20k Passions Round Two
Last year I thought I was saying goodbye to 20k Passions, but as the spring approached and no one wanted to take over, I stepped up again to try leading from a different posture. My first step was to organize a team of people interested in helping out. We sat down together to brainstorm how we wanted the event the look and met for an hour each week to plan.
It felt different this year. It felt like if I didn’t show up, the event still would have worked. I still participated and enjoyed my role, but the team I brought together carried a lot of the weight. They are what made this year’s event many times more successful than our first year.
San Antonio and Austin
Continuing our tradition of seeing a new place each year, my girlfriend Sophia and I went to San Antonio and Austin in January. It was a pleasant break from the winter cold and a fun couple cities to explore. We found plenty of delicious food, saw some great sights and had a lot of fun.
In San Antonio, we loved starting the River Walk at the Pearl District, and would recommend that area to anyone visiting. In Austin, we enjoyed Gourdoughs donuts and exploring South Congress street.
For spring break, Sophia and I went to Montreal with a couple friends. The United States is an enormous country and we think about places like Vermont and Maine as the upward boundaries of civilization, but in reality there are big cities north of our borders. Though it was still cold in March, Montreal was a cool place to explore.
Most of the trip highlights were the amazing food. Our favorites were the Montreal style bagels, poutine, donuts and beer.
I’ve also been exploring the importance of local travel. Many people talk about how powerful it is to travel and I echo that sentiment. It can change your life. But I challenge the notion that travel means taking a long, expensive flight to a foreign country. You could drive ten minutes and end up in a place that feels unfamiliar.
Since graduating and officially living in Delaware, Sophia and I have been exploring locally to find new places. Travel isn’t about how far you go; it’s about seeing things differently.
Last year, in a similar post, I wrote that 2016 had been my happiest and healthiest year on record. I wish I could say the same about 2017, and I probably could about the first half, but the transition after college is difficult. Working full days, commuting and getting acclimated to life in “the real world” leaves little time for other essential activities.
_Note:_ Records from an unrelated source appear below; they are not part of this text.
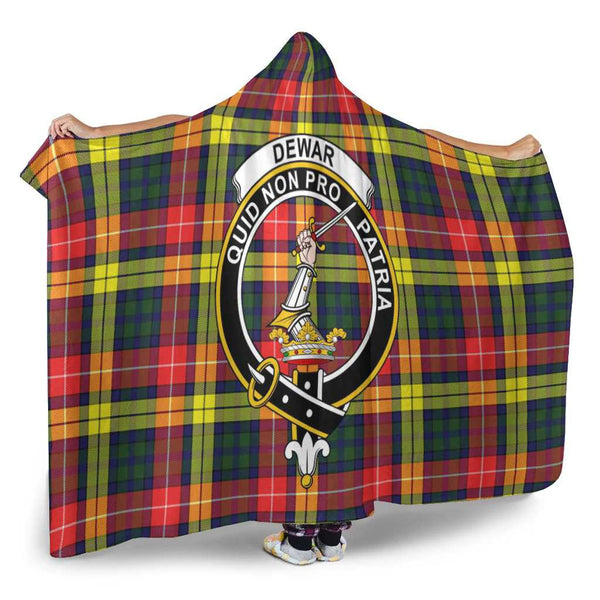 Scottish Dewar Clan Crest Tartan Hooded Blanket Tartan Plaid 2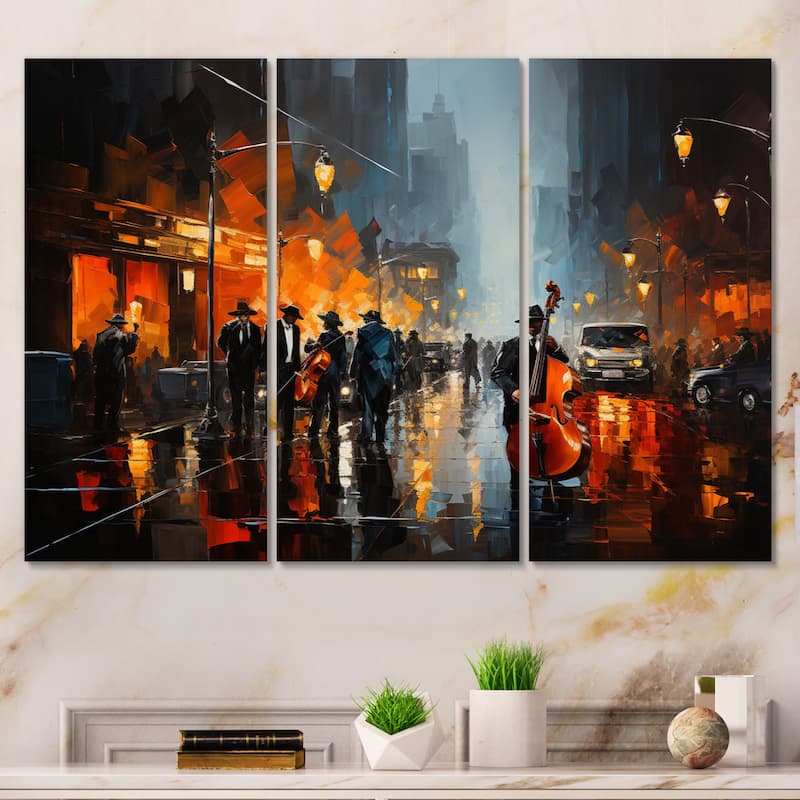 Designart "African American Harlem City" African American Wall Art Print Set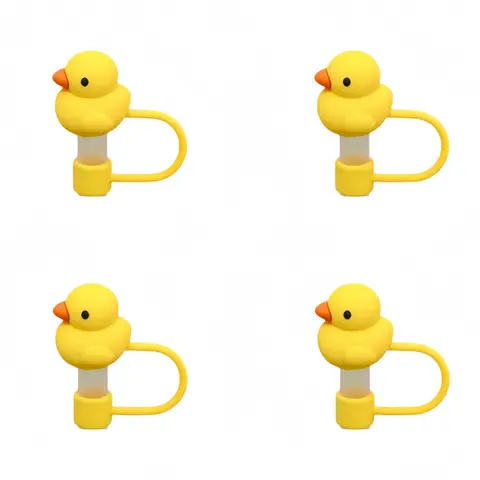 Cute Duck Design Straw Cap, 4 Counts Reusable Dust Proof Straw Cover, Drinkware Accessories for Home Kitchen Party, Straw Toppers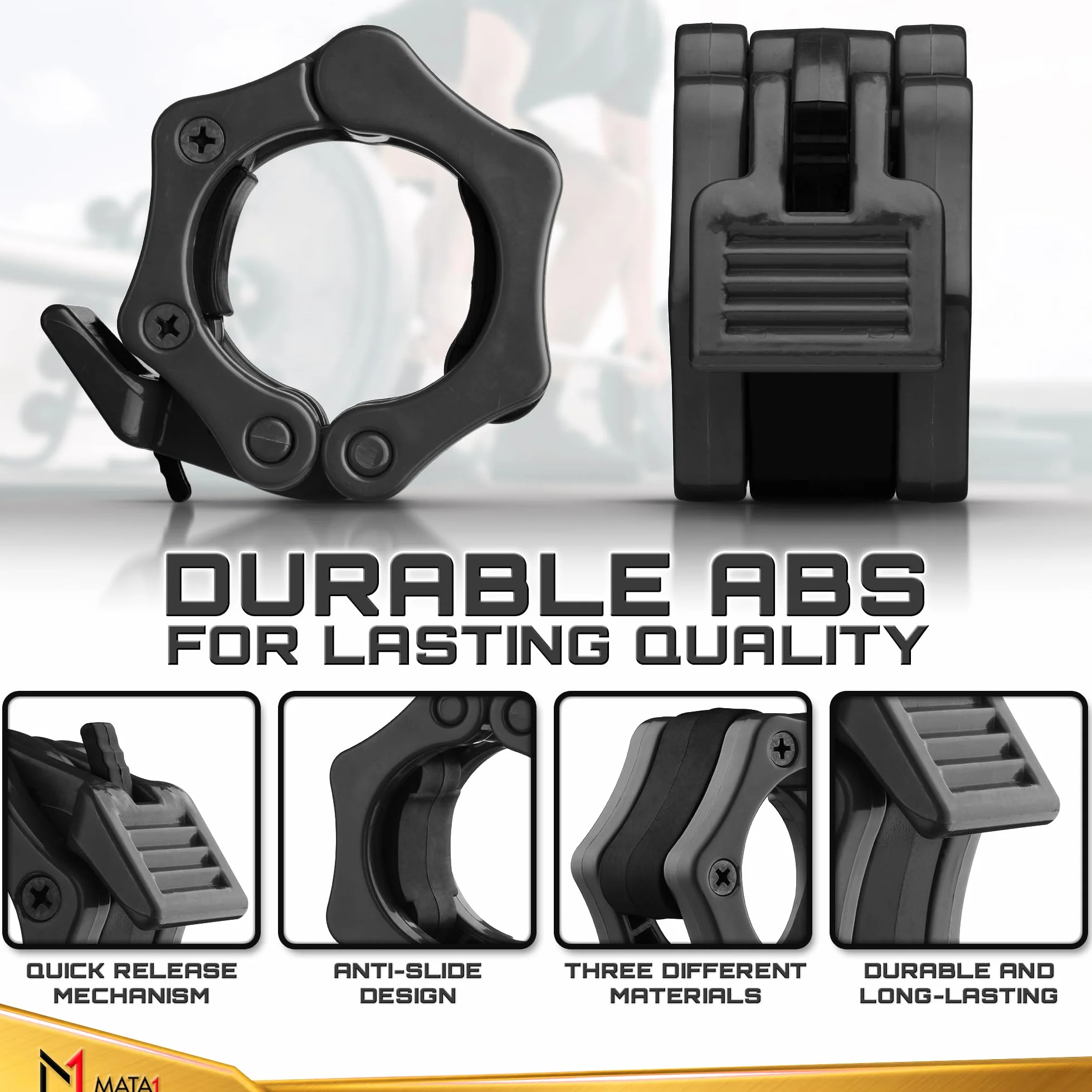Olympic Barbell Clamps 2" Locking Weight Clips for Weightlifting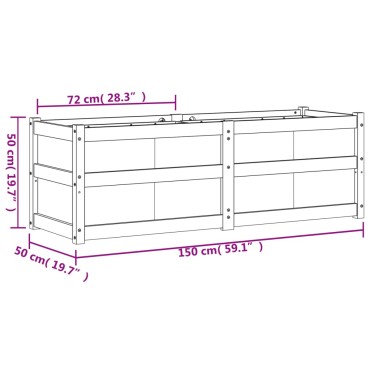 vidaXL Ζαρντινιέρα Λευκή 150 x 50 x 50 εκ. από Μασίφ Ξύλο Πεύκου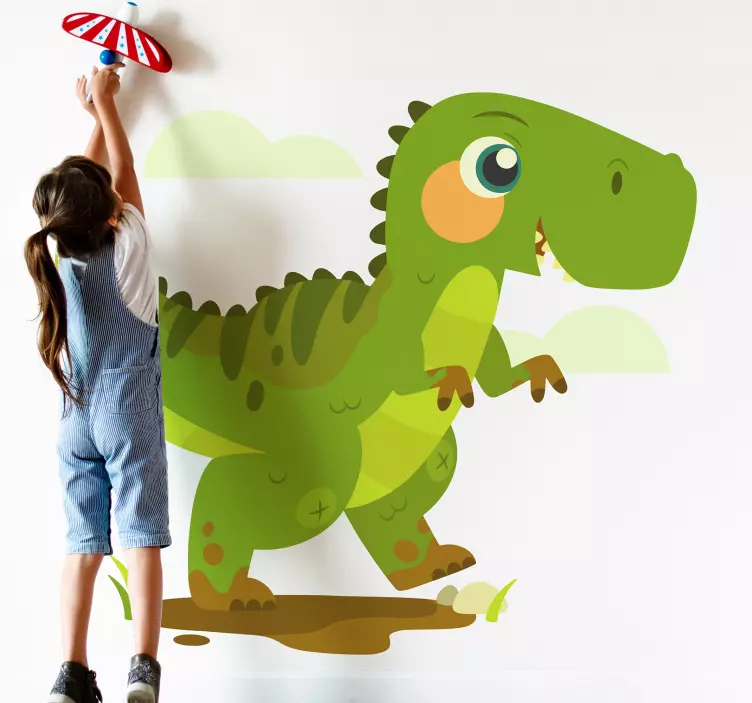 Cute baby dinosaur cartoon dinosaur sticker - TenStickers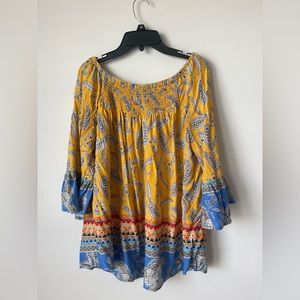 Beach Lunch Lounge mixed print festival boho three quarter length sleeve top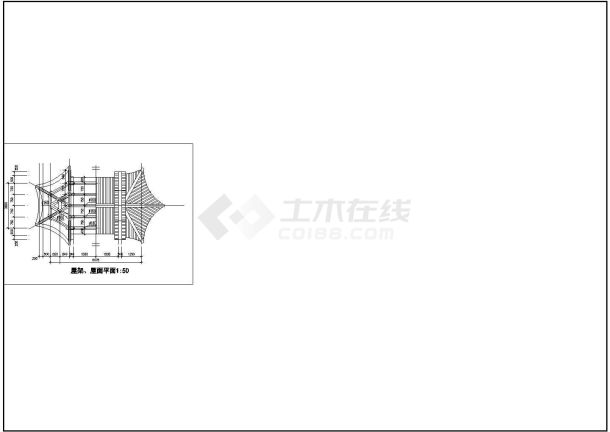 某地标准六角组合亭建筑详细施工设计方案CAD图纸-图一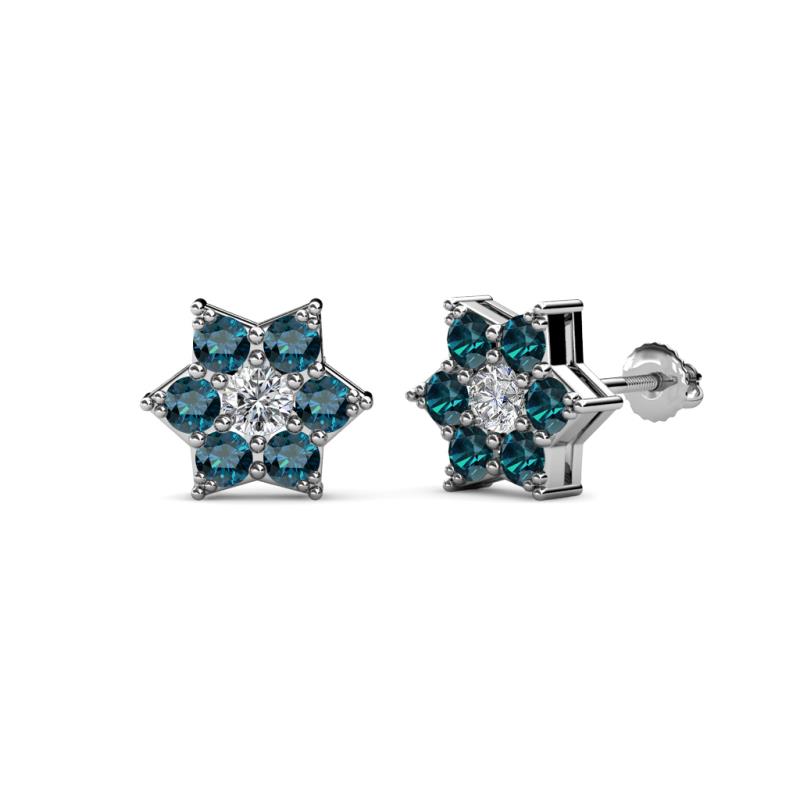 Amora 0.61 ctw Lab Grown Diamond and Blue Diamond Flower Earrings 
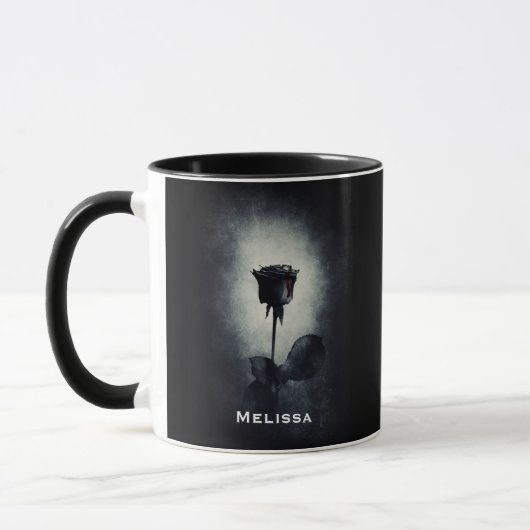 Mug Goth Black Rose Dripping Blood (Gauche)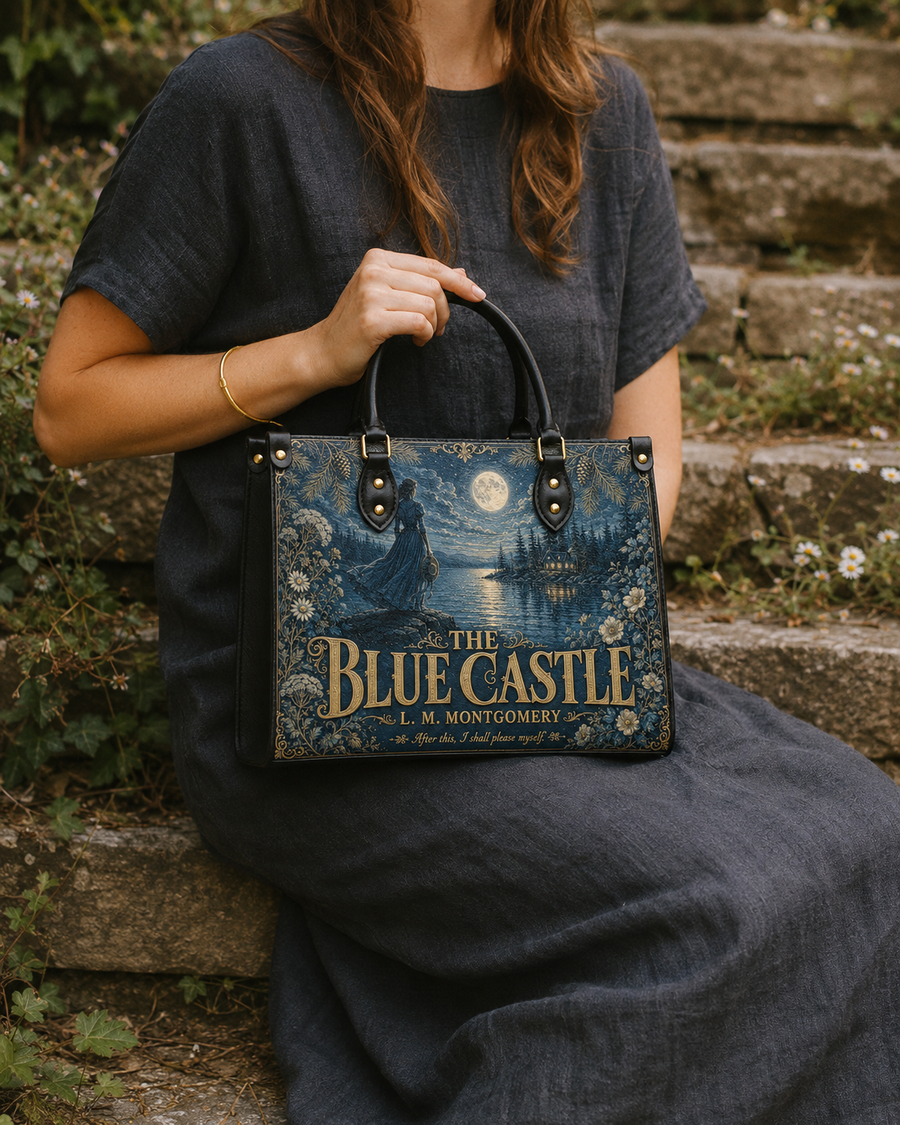 "The Blue Castle" Moonlit Lake Leather Handbag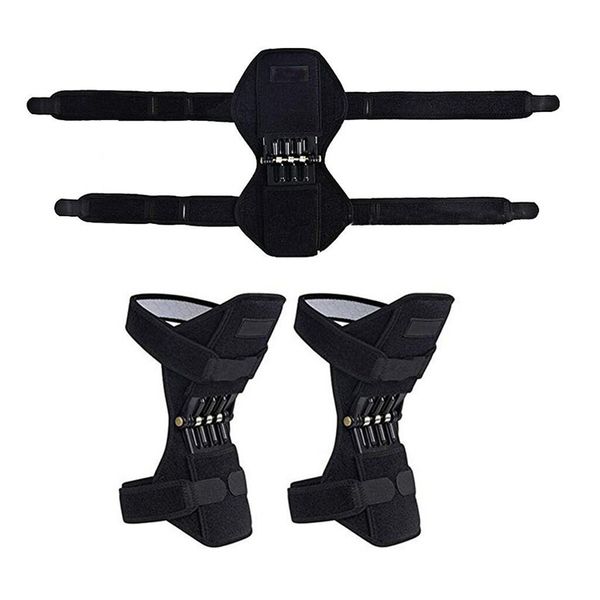 

1 pair joint support knee pad breathable non-slip lift pain relief for knee power spring force stabilizer for elder, Black;gray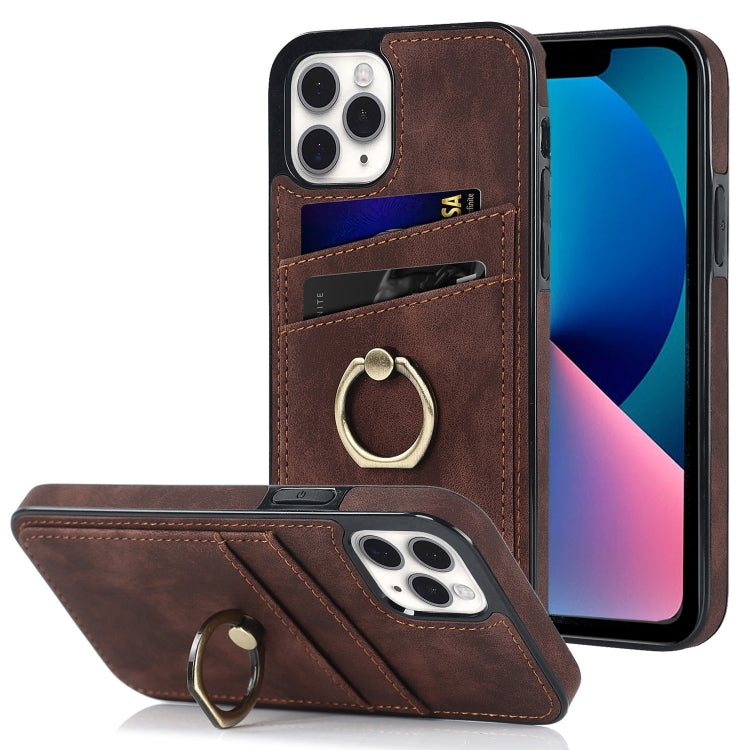 For iPhone 11 Pro Vintage Patch Leather Phone Case with Ring Holder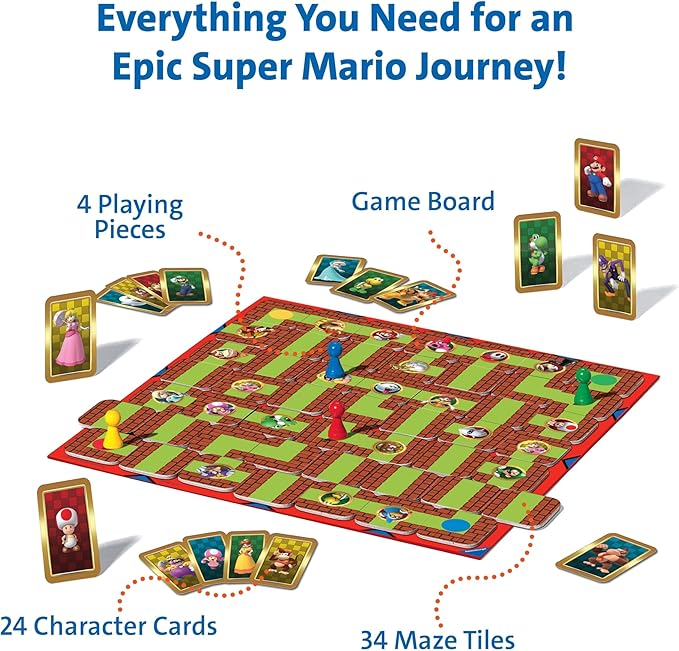 Ravensburger Super Mario Labyrinth Board Game - A Strategic Maze Challenge for Family Nights - Great Birthday Gift - 2-4 Players - Kids Ages 7-10 and Older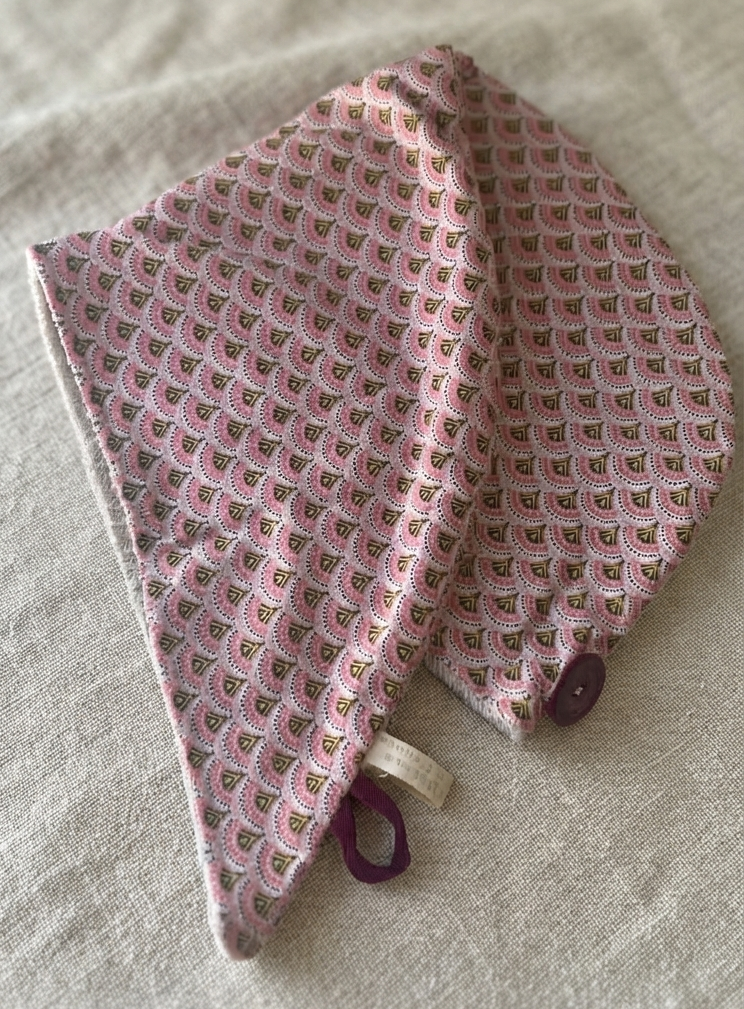 TUR16 turban bain coton bambou eventails rose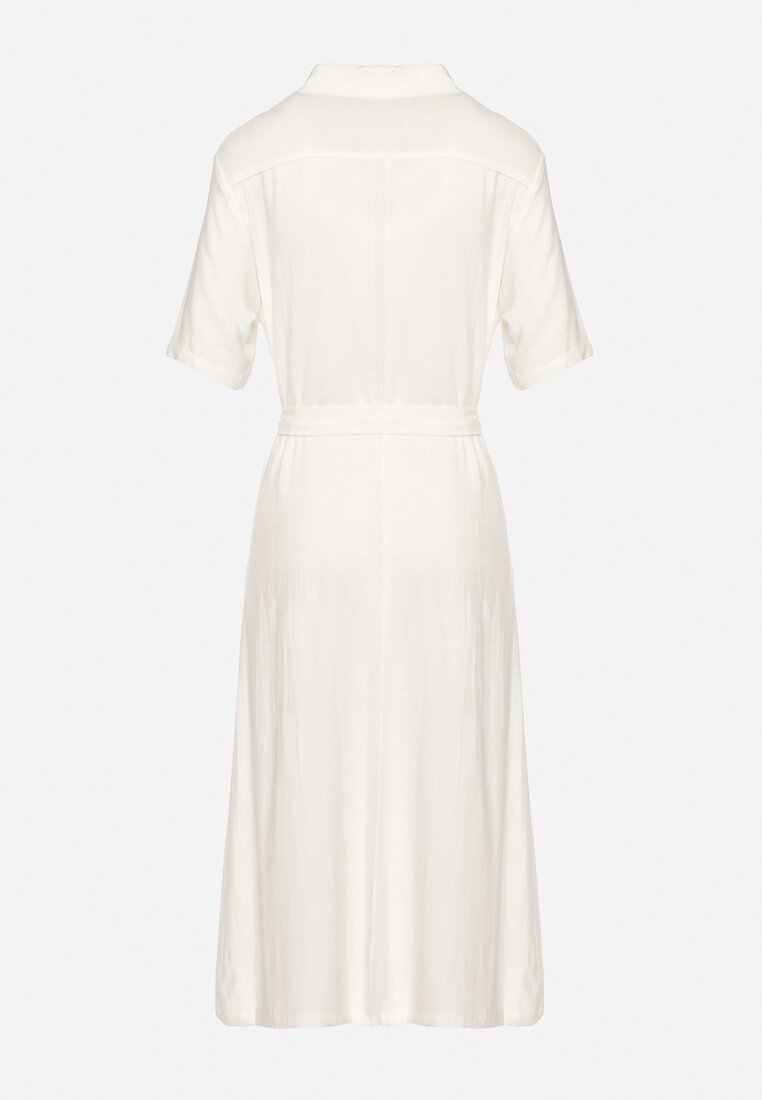 Biała Koszulowa Sukienka z Wiskozy z Lnem Zapinana na Guziki z Materiałowym Paskiem Fidilla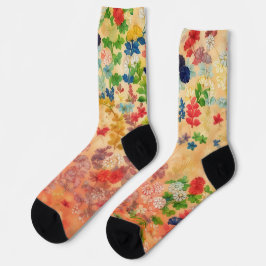 Calcetines de flores de estilo vintage de color na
I love the work I do, but during the fall I struggled with making time to exercise, eat well and meet new people. In college, I had a great balance of these things, but now there are new barriers for me to overcome. In 2016 I set an intention to do better, not more in the new year. I feel that I’ve lived that intention and now it’s time for a new one: Stay more active.
I want to do get outside more, do more yoga, hike more, bike more, run more, play more sports. The other stuff will come. The emails will get sent. The blog posts will get written. Those habits are ingrained and now it’s time to add more healthy tendencies back into my life.
This year has been a monumental one, and I am excited for what 2018 will bring!